Wayne's attempt to sunny up the Vietnam conflict and bolster patriotism was probably failed from the start but was ultimately doomed by its release date. In February of 1968 the Tet offensive was televised to every kitchen and living room in America. Six months later The Green Berets hit theaters in July. America wasn't interested in watching a lighthearted patriotic film about a military action they had already seen as horrible and inevitably flawed.

Despite all that, or perhaps because of it, the movie is an entertaining war film in a similar vein to Wayne's films of WWII. In the end Wayne was successful in his attempt to create the very same sort of film he had made in the late forties (not surprising since he co-directed it), unfortunately for him his audience, the nation and the rest of the globe had changed. Good and bad were no longer as polarized as they had been and film audiences weren't as ready to suspend disbelief in favor of blind patriotism.

Amusing but relevant anecdotal story

When I was in Airborne School, we got the weekends off. Typically, four to eight of us would pool our funds and get a room in the La Quinta Inn just outside Ft. Benning. The inn was a block of converted apartments and the typical room was a two-bedroom apartment with a kitchenette. If enough of us got together the room was cheap and we could use the extra to buy plenty of beer. Friday night was for strip clubs and vomiting, but come Saturday morning we would troop down to the office and force our way on the office staff.

Each room had a television hooked up to a central broadcast network.

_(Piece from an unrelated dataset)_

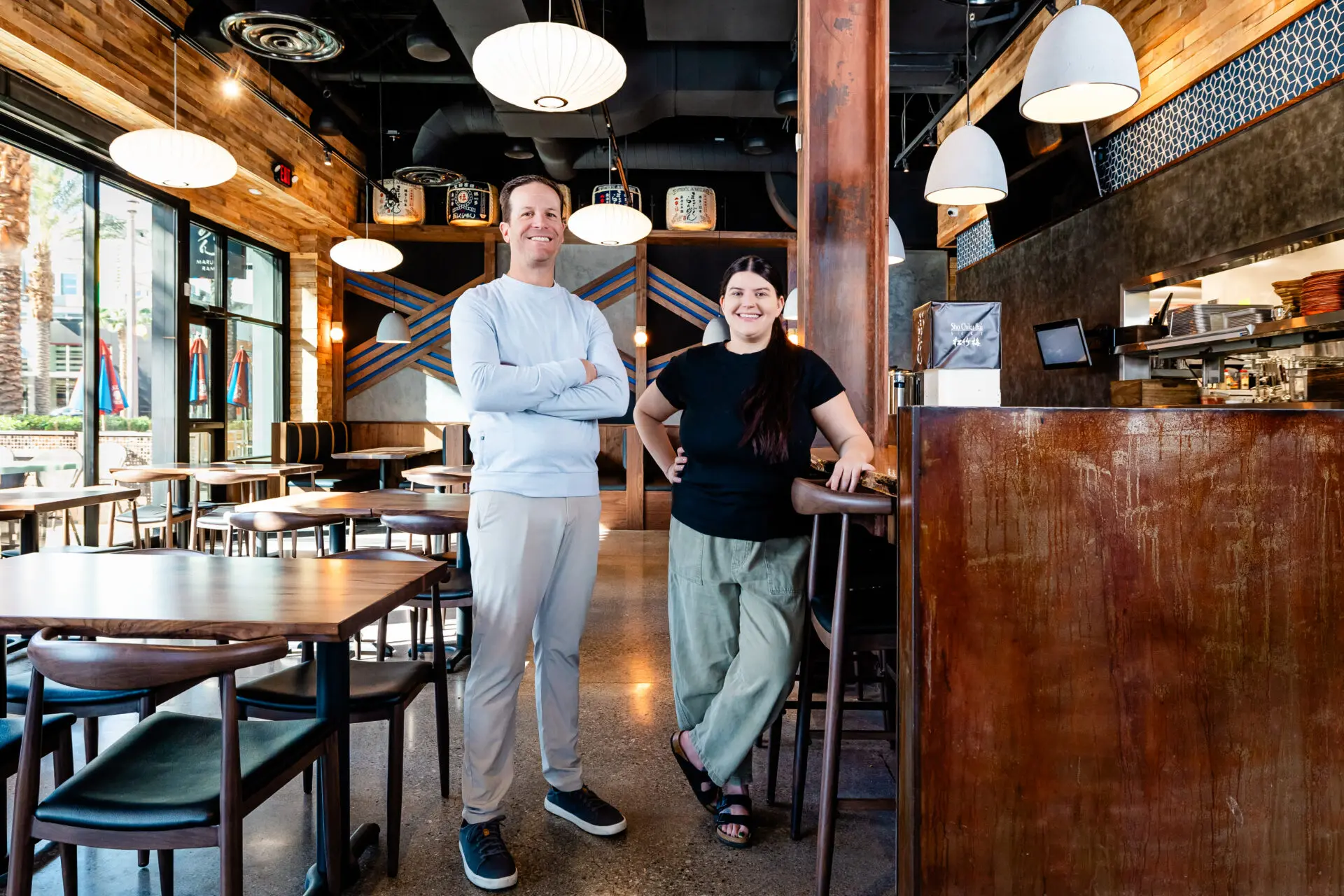 Two people, a man and a woman, stand smiling inside a modern, stylish restaurant with wooden tables and hanging lights. The restaurant appears bright and welcoming with large windows and contemporary decor.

The inn had a copy of The Green Berets that we forced them to play over and over again, until we got too drunk to see straight. We would sit around the living room, laughing at the technical inaccuracies and throwing our empty beer cans at the screen whenever the actors did something particularly stupid or deadly. By the end of the day a tailing pile of crushed beer cans lay under the television like a pagan offering to the combat prowess of John Wayne.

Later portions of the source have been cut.